No Hcor, dos 81 pacientes internados na quarta, 25% deles não estavam vacinados, 43% estão com o esquema vacinal incompleto, e 32%, com as três doses.
“Se considerar que estamos falando de uma faixa etária média de 71 anos, e que, no Brasil, a grande maioria está vacinada, é muito significante o número de não vacinados internados”, diz Torelly
Ele reforça, no entanto, que não é possível afirmar que esses pacientes se agravaram apenas pelo fato de não estarem vacinados. “São pacientes com muitas doenças preexistentes, com condições clínicas graves. Mesmo entre os vacinados, a ômicron pode gerar um desequilíbrio no quadro clínico que pode levá-los a uma situação mais grave.”
No Einstein, em cerca de 40% dos pacientes com Covid na UTI ou na semi-intensiva, a doença é secundária. Ou seja, a internação ocorreu mais pelo agravamento de sintomas relacionados a outras doenças de base, como hipertensão descompensada e bronquite asmática, e não pela Covid em si.

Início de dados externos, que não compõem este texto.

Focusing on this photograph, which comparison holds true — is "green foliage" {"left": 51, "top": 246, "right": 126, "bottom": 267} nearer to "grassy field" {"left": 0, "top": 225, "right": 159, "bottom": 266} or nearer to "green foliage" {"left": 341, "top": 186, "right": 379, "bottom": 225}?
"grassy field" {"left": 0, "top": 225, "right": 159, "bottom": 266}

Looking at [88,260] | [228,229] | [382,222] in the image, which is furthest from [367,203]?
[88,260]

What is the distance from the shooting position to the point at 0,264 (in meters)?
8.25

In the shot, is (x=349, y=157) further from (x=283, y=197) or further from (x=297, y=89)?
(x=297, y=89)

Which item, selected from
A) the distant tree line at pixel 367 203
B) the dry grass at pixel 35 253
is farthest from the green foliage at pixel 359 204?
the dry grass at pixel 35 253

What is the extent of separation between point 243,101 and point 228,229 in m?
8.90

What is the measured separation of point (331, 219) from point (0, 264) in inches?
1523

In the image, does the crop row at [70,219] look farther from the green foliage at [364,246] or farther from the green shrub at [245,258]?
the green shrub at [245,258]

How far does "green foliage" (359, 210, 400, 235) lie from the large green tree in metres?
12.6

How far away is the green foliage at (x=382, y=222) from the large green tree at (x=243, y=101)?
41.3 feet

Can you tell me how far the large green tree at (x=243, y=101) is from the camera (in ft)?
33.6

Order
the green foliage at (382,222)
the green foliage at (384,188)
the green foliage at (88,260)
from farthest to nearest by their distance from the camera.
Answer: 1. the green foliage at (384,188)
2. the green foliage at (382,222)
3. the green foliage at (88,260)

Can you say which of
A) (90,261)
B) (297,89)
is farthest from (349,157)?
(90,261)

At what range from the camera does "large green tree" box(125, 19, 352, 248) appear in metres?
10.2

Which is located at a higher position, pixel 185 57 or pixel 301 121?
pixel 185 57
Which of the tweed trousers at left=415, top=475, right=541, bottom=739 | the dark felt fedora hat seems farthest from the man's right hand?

Para a infectologista Mirian Dal Ben, do Hospital Sírio-Libanês, entre os pacientes internados com Covid, os que não estão vacinados (em torno de 20%) ou que estão com o esquema de vacinação incompleto tendem a evoluir pior em relação ao grupo de vacinados.
“São aqueles que internam com as características da doença pré-vacina, que fazem aquela piora rápida, expressiva, no sétimo dia da doença, com insuficiência respiratória e precisando de intubação. Cerca de 5% evoluem para insuficiência renal. É muito diferente a evolução do paciente vacinado e do não vacinado.”

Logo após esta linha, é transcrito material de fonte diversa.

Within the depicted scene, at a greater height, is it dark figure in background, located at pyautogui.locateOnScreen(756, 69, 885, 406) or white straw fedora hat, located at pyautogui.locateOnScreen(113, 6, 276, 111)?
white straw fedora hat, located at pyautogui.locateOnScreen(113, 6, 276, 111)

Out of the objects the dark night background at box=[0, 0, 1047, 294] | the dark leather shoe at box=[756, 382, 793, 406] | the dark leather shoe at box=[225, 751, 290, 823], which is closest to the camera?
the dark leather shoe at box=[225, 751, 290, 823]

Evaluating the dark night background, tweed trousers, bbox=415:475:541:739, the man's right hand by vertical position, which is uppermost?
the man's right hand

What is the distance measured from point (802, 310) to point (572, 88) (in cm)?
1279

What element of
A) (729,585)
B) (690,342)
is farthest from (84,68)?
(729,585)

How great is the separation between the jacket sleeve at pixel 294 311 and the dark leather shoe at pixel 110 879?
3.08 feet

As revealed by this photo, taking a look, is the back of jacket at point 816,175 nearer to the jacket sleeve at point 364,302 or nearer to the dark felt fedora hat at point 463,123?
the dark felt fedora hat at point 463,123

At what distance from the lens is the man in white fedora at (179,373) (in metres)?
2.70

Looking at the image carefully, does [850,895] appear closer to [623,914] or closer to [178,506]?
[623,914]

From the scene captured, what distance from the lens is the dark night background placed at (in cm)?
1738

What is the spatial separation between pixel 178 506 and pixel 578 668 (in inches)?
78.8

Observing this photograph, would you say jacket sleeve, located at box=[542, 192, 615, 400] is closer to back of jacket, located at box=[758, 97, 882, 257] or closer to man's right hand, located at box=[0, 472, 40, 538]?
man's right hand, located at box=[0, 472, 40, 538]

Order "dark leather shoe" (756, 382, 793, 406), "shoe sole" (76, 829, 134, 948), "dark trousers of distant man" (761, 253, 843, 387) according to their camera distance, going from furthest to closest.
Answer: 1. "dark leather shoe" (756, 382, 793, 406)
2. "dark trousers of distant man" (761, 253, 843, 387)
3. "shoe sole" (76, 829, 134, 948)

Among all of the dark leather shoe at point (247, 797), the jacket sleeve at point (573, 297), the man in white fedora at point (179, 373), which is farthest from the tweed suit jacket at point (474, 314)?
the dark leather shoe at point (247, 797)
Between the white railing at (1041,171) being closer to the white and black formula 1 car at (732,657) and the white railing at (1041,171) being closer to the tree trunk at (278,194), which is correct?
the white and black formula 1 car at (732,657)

Entre os pacientes vacinados com as três doses e que precisam de UTI, afirma a médica, em geral estão os imunossuprimidos graves, como os pacientes oncológicos e os transplantados. “É o grupo que tem uma resposta pior à vacina.”
Um outro dado extraído da base do projeto UTIs brasileiras mostra que o tempo médio de permanência dos pacientes com Covid teve uma redução nessa nova onda causada pela ômicron: de 13 dias, em média, ao longo da pandemia, para 8,7 dias desde meados de dezembro.
“Duas coisas mudaram: o vírus e o hospedeiro. No hospedeiro, a mudança foi a vacina. No vírus, foi a nova variante, a ômicron, que é muito mais contagiante, mas que, na grande maioria dos casos, não provoca uma doença tão grave. Não por conta do vírus apenas, mas porque o hospedeiro agora está vacinado.”